Il a déclaré : "Il y a une chose qui peut toucher profondément Poutine : dire que les Européens – et tous ceux qu’on arrivera à entrainer – n’iront pas à la Coupe du monde dans quatre ans s’il n’arrête pas. Il faut que Poutine soit seul dans ses stades."

La passion de Daniel Cohn-Bendit pour le football étant de notoriété publique, on ne pourra pas lui reprocher de proposer le boycott d’une compétition sportive par mépris pour le sport, comme c’est le cas de nombreux intellectuels médiatiques et/ou comiques troupiers qui proposent de façon compulsive ce type de mesures dès que l’événement n’est pas organisé dans le monde occidental.

Par ailleurs, Daniel Cohn-Bendit est critique de Poutine depuis son arrivée au pouvoir, il est donc fidèle à lui-même dans cet épisode ukrainien. On peut néanmoins estimer qu’avec une telle proposition, il est plus dans la posture que dans la volonté de faire réellement avancer les choses.

Tout d’abord, faut-il le rappeler, cette coupe du monde aura lieu dans quatre ans et trois mois. Menacer de boycotter à une telle échéance est pour le moins virtuel.
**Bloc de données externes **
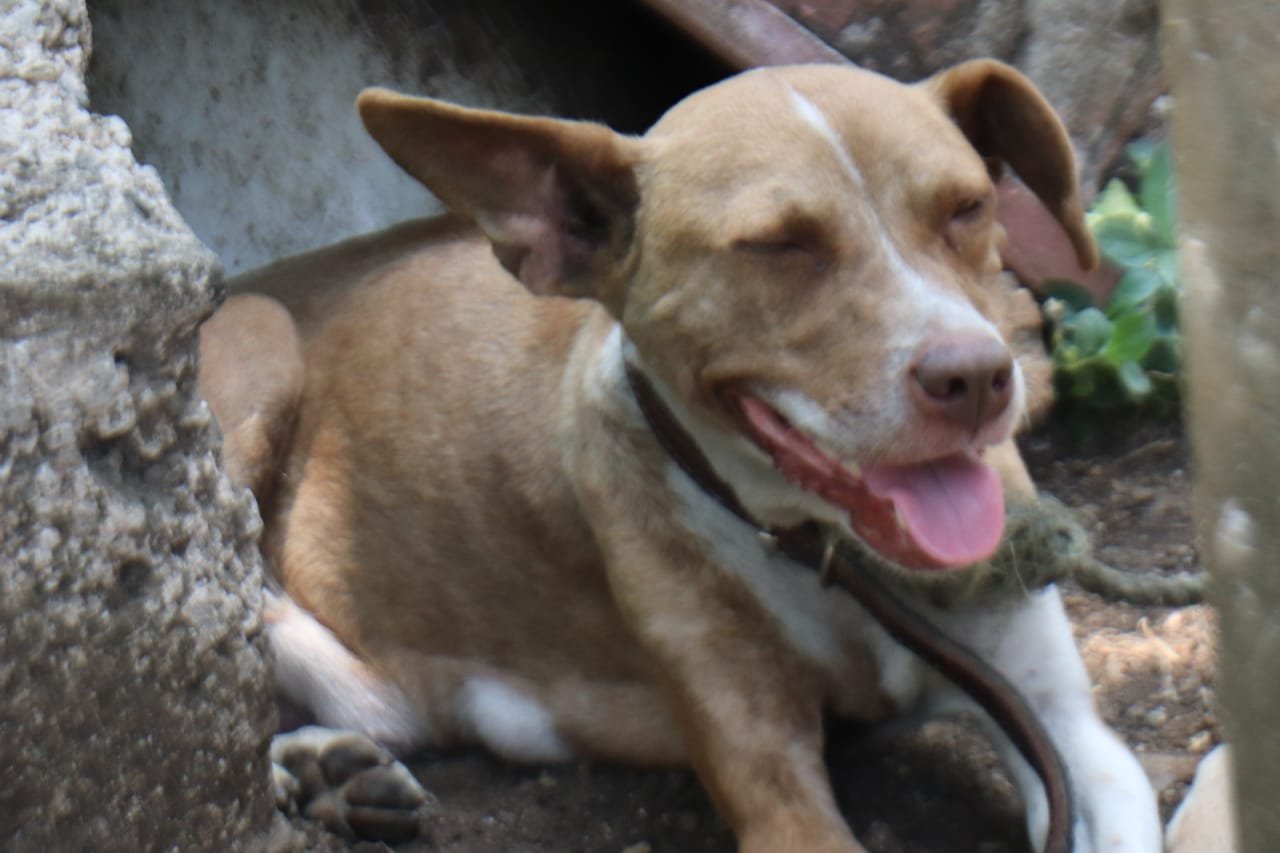 PROMUEVEN EN ATOYAC CAMPAÑA DE ESTERILIZACIÓN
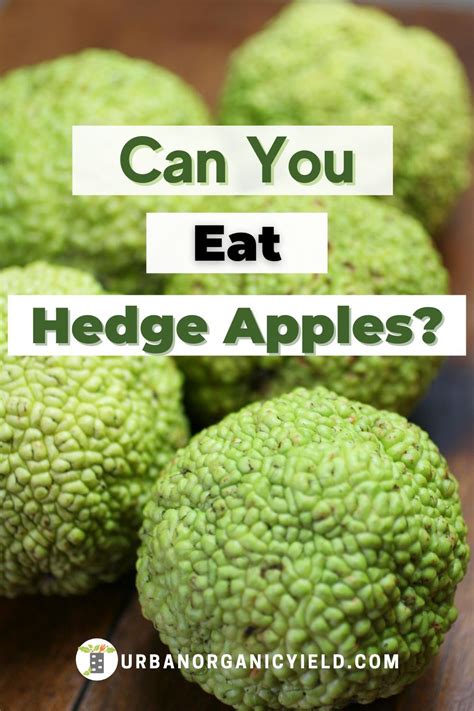 hedge apples edible atilaproperties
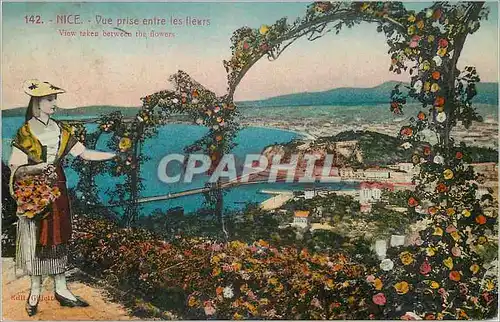 Cartes postales Nice vue prise entre les Fleurs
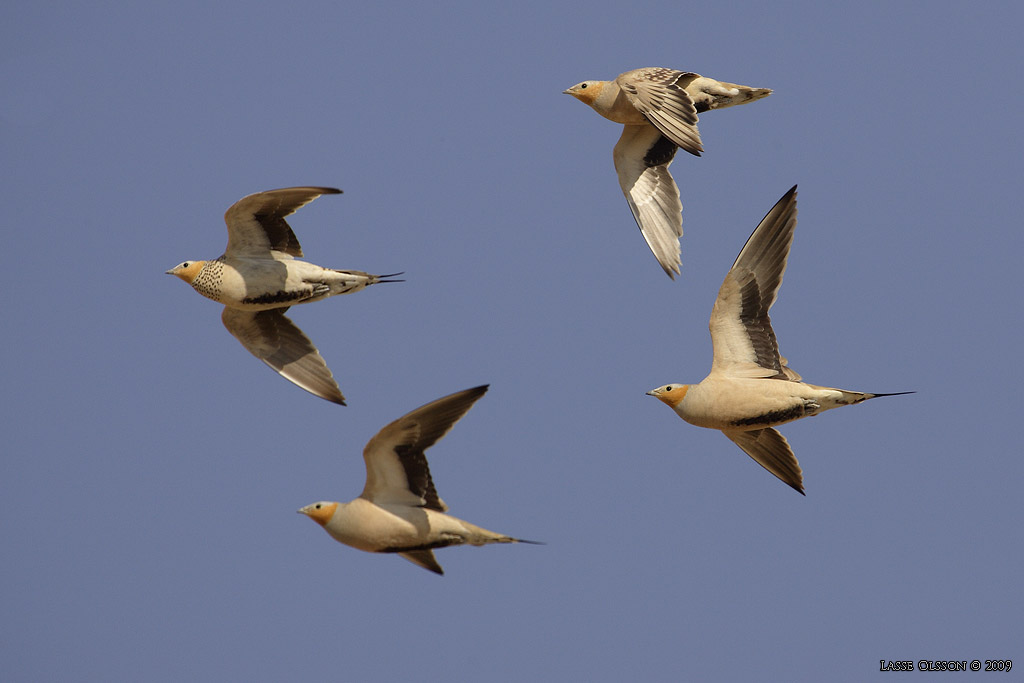 KENFLYGHNA / SPOTTED SANDGROUSE (Pterocles senegallus) - Stng / Close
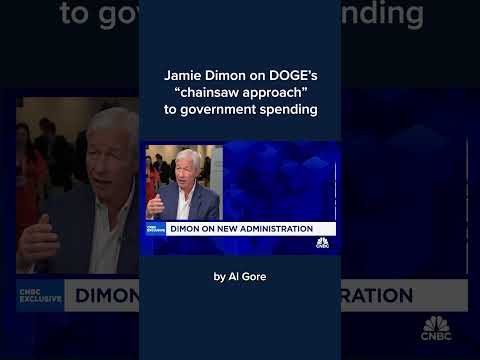 Jamie Dimon on DOGE's 'chainsaw approach' to government spending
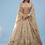 Thumbnail: Bridal Khwabeeda Beige White Lehenga Set In Foil Organza With 3D Embroidery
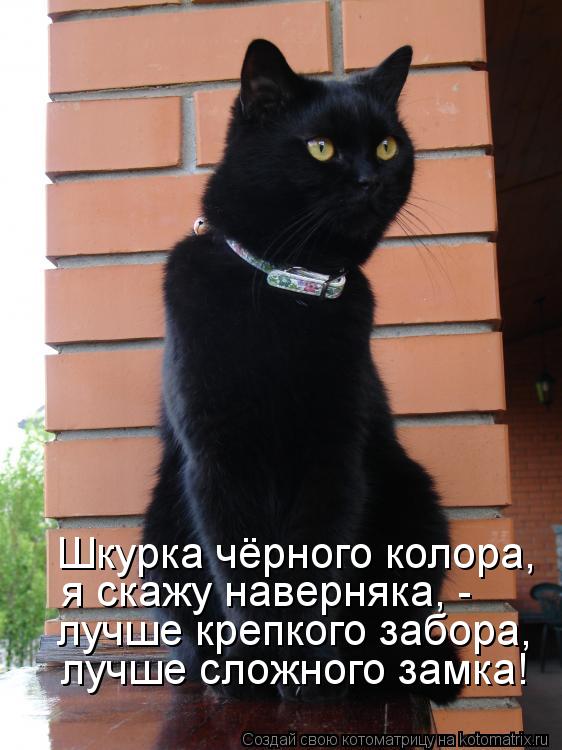 Котоматрица: Шкурка чёрного колора, я скажу наверняка, - лучше сложного замка! лучше крепкого забора,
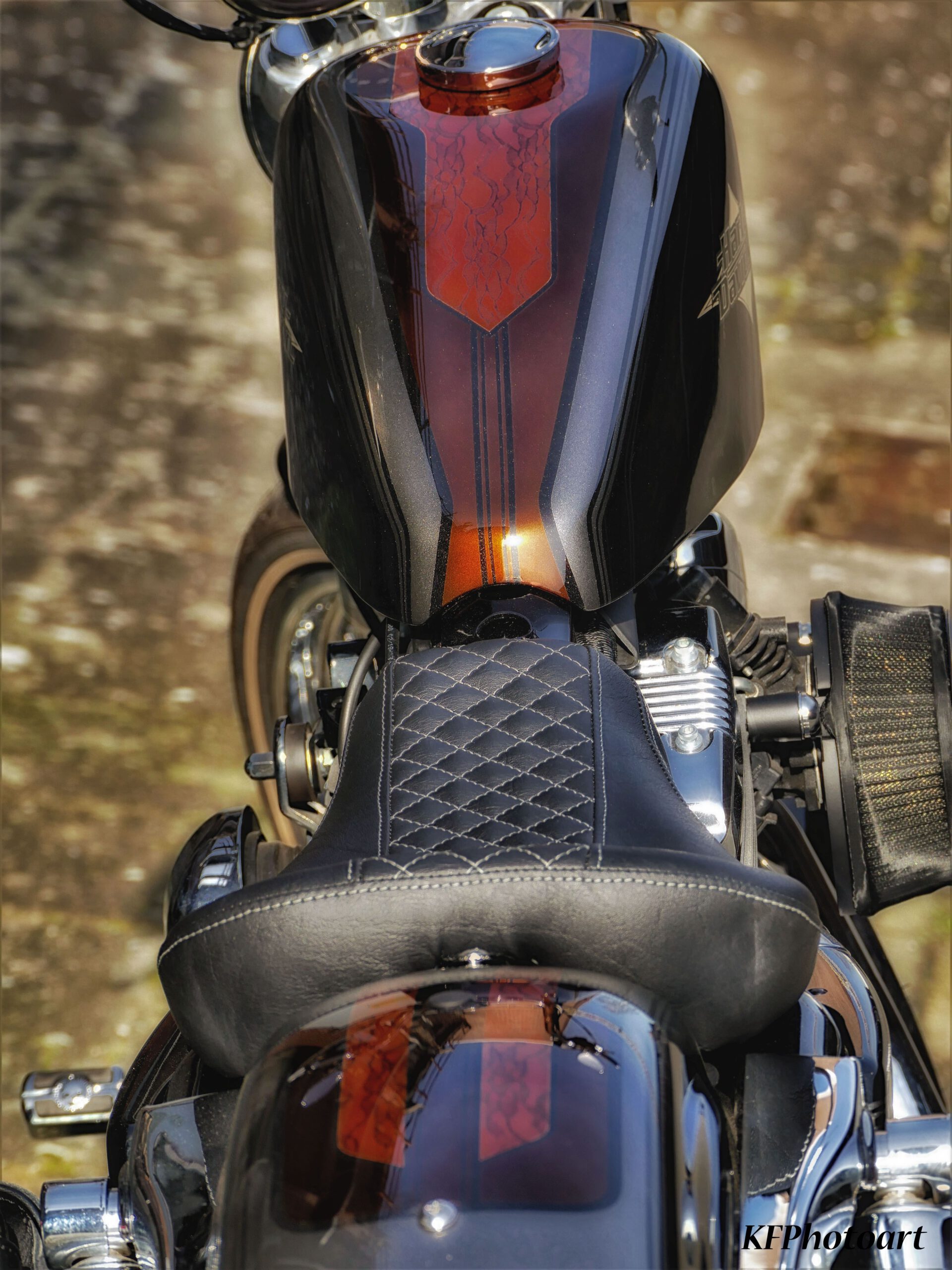 Tribune Sportster 34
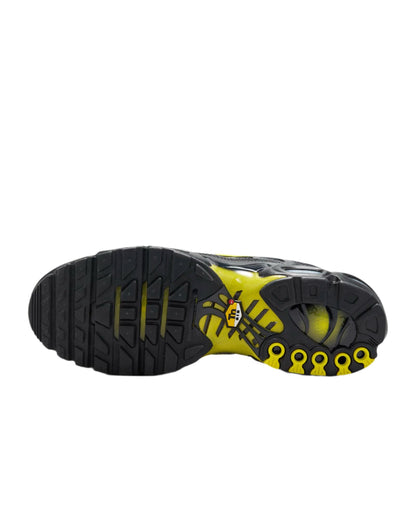 Nike Air Max Plus &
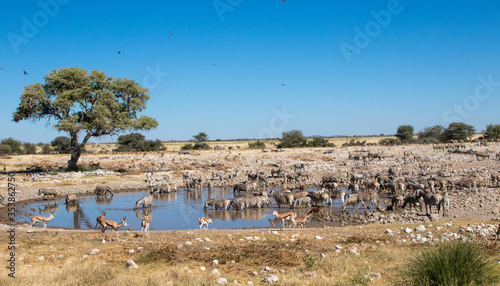 Animals at waterhole in Africa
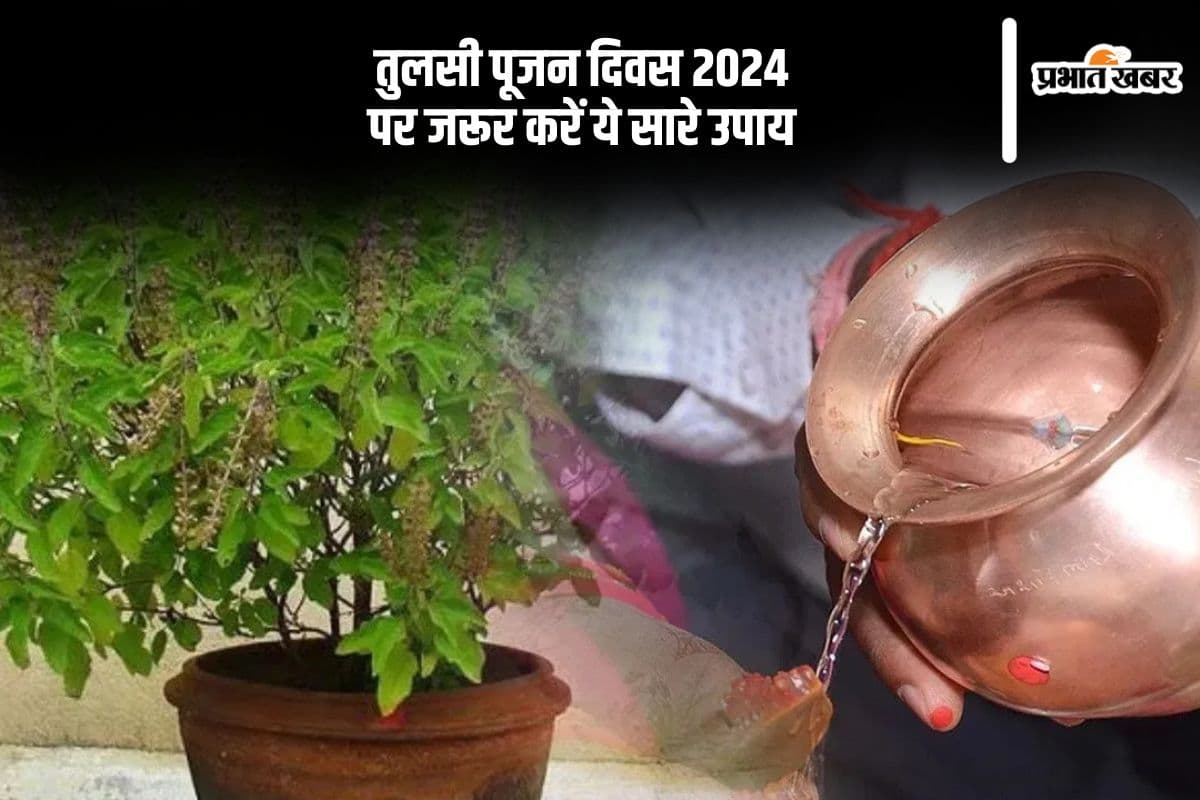 Tulsi Pujan Diwas 2024 Upay Tulsi Pujan Diwas 2024 Upay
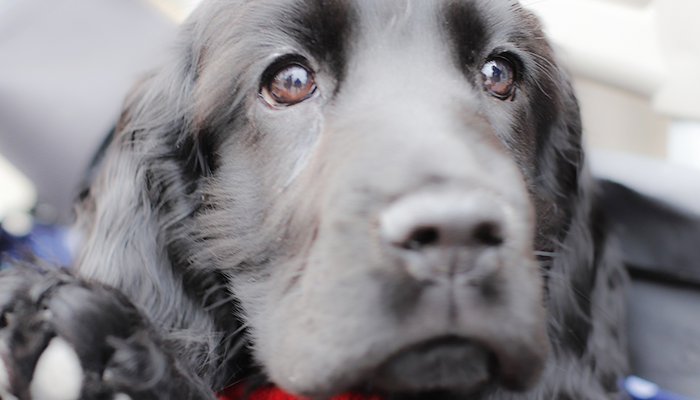 Is Difficulty Breathing an Emergency?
D’autre part, Cohn-Bendit connaît trop bien le monde du football pour ne pas être conscient qu’il propose quelque chose qui n’a absolument aucune chance de se réaliser.

Il sait très bien qu’aucune fédération nationale ne le suivra et acceptera de boycotter la compétition, après avoir bataillé pour se qualifier (sauf bien sûr si la crise actuelle dégénérait en guerre ou en massacre de grande échelle.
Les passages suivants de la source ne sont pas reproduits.